Lessons learned about monitoring the JVM in the era of containers
Quick and easy things you can do to monitor JVM when it is being used in containers
Java Virtual Machine (JVM) has been around for a long time (1994) so it’s hardly a surprise there are hundreds of tools to monitor its health and performance. We could use profiler tools (like VisualVM) to track memory leaks, CPU usage, and memory consumption but they require a direct connection to the JVM: this makes it hard to execute in a containerized production environment with autoscaling (like ours).
Other tools (like Universal GC Log Analyzer) expect to use GC log analysis to auto-detect GC problems and recommend solutions to it, but it requires to enable GC verbose logs and this might have a cost and performance impact in a production environment.
So we faced the challenge of finding a simple way to monitor JVM instances and detect problems in the regular use of our applications or during special occasions such as peak load events. We also wanted to group metrics from multiple container instances of the same type to get an overview and also to be able to compare different types at a glance.
GC compromise (latency vs throughput)
Latency represents the time that the user of the application waits for a response. In the specific case of GC tuning, this is the time that the JVM is paused because of garbage collection and cannot run the application. The duration of the garbage collection pause directly affects the way your application is perceived by end-users, so decreasing it results in a greater perception of responsiveness.
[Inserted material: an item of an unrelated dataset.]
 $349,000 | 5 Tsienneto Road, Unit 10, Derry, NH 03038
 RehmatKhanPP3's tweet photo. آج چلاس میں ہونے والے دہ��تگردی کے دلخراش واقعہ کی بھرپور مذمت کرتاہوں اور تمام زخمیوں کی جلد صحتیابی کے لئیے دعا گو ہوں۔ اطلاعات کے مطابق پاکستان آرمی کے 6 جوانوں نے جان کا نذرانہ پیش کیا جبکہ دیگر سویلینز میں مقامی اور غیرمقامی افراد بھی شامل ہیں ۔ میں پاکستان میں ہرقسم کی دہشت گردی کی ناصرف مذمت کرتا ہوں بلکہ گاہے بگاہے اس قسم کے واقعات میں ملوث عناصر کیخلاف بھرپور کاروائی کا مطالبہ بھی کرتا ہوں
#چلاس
Throughput is the amount of time spent in productive work. Productive work is the time spent on processing customer transactions, non-productive work is the time spent on managing the application (es garbage collection). If we have evidence of low throughput, it means that the application is not optimally using resources.
The JVM garbage collectors can be configured to preferentially meet one between latency or throughput. If the preferred goal is met, the collectors will try to maximize the other.
Our containers run on Oracle JRE 8 where the default collector is Parallel GC. This GC is designed to be used by applications that need to do a lot of work (high throughput) and where long pause times are acceptable. This can cause latency, affecting the responsiveness of the application, not ideal in our case where our containers are API services so we switched to G1 Collector.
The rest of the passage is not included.